Yes, but only if also backed by roughly 128x more computational power. And likewise, the enormous computational power of FPGA/ASIC must be backed by a lot of memory bandwidth, otherwise it will be wasted.

Quote
So the lower the p value the EASIER the job is for FPGA and ASIC builders.  They can use less memory and narrower busses that means less cost, less complexity, higher ROI%.   Sure one isn't required to use max scratchpad size because one can compute on the fly but once again the whole point to the space-time tradeoff is that the advantage to doing so is reduced.
They can't use slower external memory, because it already needs to be damn fast.

Quote
Lastly yes the 128KB is per core but so is the 16MB using the default parameters.   If 128KB per core increases memory, bandwidth, and/or die size per core then a 16MB requirement would maker it even harder.
Yes, the absolute hashing speed would just drop significantly with the 16MB scratchpad. But it would drop on CPU, GPU, FPGA or any other kind of mining device.

Quote
So yes the parameters chosen by LTC makes it 128x less memory hard than the default.
Sigh. Please just read the definition of "memory hard" in the scrypt paper.

Quote
You use circular logic to say the max scratch pad size is irrelevant because one can optimize the size of the scratchpad to available resources.  This doesn't change the fact that due to the space-time tradeoff you aren't gaining relative performance.  Using a higher max scatchpad requires either more memory and bandwidth OR requires more computation.  The throughput on the FPGA,  GPU, CPU is going to be reduced.  Now if they were all reduced equally it wouldn't matter all that matters is relative not nominal performance.
Wait a second, where does this "reduced equally" come from?
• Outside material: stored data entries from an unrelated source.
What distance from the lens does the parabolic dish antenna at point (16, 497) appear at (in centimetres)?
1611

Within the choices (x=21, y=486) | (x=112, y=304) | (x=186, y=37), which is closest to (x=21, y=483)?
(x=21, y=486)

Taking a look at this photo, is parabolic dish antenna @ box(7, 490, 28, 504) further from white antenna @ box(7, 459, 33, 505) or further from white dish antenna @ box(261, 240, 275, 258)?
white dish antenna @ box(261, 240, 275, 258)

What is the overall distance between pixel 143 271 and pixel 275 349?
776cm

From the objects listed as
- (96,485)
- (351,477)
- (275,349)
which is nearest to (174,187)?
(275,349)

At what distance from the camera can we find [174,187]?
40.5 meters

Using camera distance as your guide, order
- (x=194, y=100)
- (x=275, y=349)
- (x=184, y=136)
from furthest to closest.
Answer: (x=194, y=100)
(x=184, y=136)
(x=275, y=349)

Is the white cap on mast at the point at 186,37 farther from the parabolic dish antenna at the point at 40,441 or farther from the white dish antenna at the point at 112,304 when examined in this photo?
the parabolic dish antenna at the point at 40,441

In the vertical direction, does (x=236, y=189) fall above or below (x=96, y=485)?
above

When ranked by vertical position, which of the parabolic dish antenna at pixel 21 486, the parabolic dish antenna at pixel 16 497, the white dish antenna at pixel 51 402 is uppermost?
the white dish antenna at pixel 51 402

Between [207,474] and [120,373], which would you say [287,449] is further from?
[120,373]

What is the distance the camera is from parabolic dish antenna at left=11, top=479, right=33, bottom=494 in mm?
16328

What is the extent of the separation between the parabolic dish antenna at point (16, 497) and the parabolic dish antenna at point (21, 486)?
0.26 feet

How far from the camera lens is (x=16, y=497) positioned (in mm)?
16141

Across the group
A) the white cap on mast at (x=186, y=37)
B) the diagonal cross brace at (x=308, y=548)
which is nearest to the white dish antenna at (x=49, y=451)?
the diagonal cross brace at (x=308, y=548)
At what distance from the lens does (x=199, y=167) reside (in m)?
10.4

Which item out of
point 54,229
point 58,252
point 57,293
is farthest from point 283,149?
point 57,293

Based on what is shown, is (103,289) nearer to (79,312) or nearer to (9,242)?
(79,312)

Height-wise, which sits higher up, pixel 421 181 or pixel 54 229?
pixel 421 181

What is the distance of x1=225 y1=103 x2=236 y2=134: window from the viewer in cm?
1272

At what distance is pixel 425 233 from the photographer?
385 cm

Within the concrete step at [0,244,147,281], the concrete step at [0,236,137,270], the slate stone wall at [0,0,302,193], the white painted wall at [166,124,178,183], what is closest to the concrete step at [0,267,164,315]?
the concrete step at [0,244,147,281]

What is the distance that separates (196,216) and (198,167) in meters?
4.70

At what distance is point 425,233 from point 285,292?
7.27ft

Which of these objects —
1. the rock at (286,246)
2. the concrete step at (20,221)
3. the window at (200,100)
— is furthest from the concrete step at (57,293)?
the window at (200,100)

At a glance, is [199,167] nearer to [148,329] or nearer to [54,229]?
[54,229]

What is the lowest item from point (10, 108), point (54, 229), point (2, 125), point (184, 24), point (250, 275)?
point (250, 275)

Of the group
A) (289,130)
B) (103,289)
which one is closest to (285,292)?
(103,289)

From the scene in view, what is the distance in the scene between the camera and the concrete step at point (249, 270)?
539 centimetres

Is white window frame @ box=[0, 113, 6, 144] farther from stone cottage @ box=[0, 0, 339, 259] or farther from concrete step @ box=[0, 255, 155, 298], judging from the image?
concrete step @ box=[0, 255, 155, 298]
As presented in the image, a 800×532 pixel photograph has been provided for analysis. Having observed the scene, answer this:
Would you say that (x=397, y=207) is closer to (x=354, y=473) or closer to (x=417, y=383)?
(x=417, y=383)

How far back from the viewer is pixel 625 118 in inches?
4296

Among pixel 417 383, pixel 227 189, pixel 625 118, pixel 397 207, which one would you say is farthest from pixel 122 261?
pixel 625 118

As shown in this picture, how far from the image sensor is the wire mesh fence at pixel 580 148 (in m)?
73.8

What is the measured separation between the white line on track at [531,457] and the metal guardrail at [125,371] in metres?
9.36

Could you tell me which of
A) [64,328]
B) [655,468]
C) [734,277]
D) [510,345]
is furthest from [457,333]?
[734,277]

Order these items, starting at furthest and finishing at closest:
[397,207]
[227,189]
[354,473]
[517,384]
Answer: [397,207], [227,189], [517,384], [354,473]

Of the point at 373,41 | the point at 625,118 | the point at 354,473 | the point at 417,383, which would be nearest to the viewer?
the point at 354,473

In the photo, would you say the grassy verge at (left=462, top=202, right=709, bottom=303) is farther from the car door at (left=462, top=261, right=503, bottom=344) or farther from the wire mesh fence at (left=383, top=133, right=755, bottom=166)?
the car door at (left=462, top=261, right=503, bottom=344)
The space-time tradeoff just means that if you have a system with excessive computational power but slow memory, then you can still tweak lookup-gap to trade one for another. That is instead of being at a huge disadvantage compared to more optimally balanced system. This kinda "equalizes" the systems with vastly different specs, which is a total opposite of "reduces equally".

Quote
However the LTC parameters chosen are horrible for CPU usage.   CPU have a limited ability for parallel execution.  Usually 4 or 8 independent cores.   128KB per core * 8 = 1MB.
This just means that you don't know much about the CPU mining. The point is that modern superscalar processors can execute more than one instruction per cycle, this is called instruction level parallelism. Also there are instruction latencies to take care of. In order to fully utilize the CPU pipeline, each thread has to calculate multiple independent hashes in parallel. Right now cpuminer calculates 3 hashes at once per thread (or even 6 with AVX2). Now do the math.

Quote
That's right today with systems that can install multiple GB for very cheap cost the Scrypt paramters chosen bottleneck performance on a CPU.  GPU on the other hand are highly parallel execution engines but they have limited memory and that memory is at a higher cost than CPU have access to.
The memory must be also fast, not just large.

TL/DR

For the external memory, I'm assuming that sufficient size is available to be used for as many cores as practically useful (in this case only the memory bandwidth is an important factor). For the on-chip SRAM memory, the bandwidth should be not a problem as the memory can be tightly coupled with each scrypt core, but the size does matter and can't be large enough (the CPU caches are really small when compared with the DDR memory modules for a reason). The current best performing scrypt mining devices (AMD video cards) are relying on the external memory bandwidth. This FPGA design seems to be essentially a GPU clone.
Post
Topic
Board Altcoin Discussion
Re: A RAM based fpga LTC miner
by
ssvb
on 31/08/2013, 22:01:27 UTC
LTC uses the parameters (2^10, 1, 1) which results in a token 128KB max scratchpad size.  That isn't a typo it is kilobytes.
You are just forgetting to multiply this scratchpad size by the number of "cores", "threads" or some other entities (the way how you call them depends on the underlying technology) in the miner device. All these "cores" are simultaneously doing hashes calculations, each with its own scratchpad. The reason why FPGAs and ASICs work so great for SHA-256 is that the number of gates needed for a single SHA-256 "core" is really small, so one can fit an enormous amount of such cores on a single chip. But each scrypt "core" needs a scratchpad for storing intermediate data, and if the scratchpad is implemented as a SRAM memory, then the number of gates per scrypt "core" just skyrockets. You can fit significantly less scrypt "cores" on a single chip than SHA-256 "cores". There are some tricks for the scratchpad size reduction (LOOKUP_GAP is the right keyword, you can search for it in the forum), which reduce the size of the scratchpad, but this reduction is not free and results in more computations. That's why you can see some people mentioning Space–time tradeoff. The optimal lookup-gap setup depends on the balance between the memory size/performance and the computational power for doing arithmetic operations. It is also possible to use the external memory instead of on-chip SRAM, but the external memory must naturally have wide buses and a lot of bandwidth (memory latency is not critical for scrypt though). The scrypt GPU miners are relying on the GDDR5 speed, with a popular scratchpad size configuration being 64KB (lookup-gap=2), which indicates that the memory speed is the bottleneck and the excessive computational power is already traded off in order to reduce the burden on the memory.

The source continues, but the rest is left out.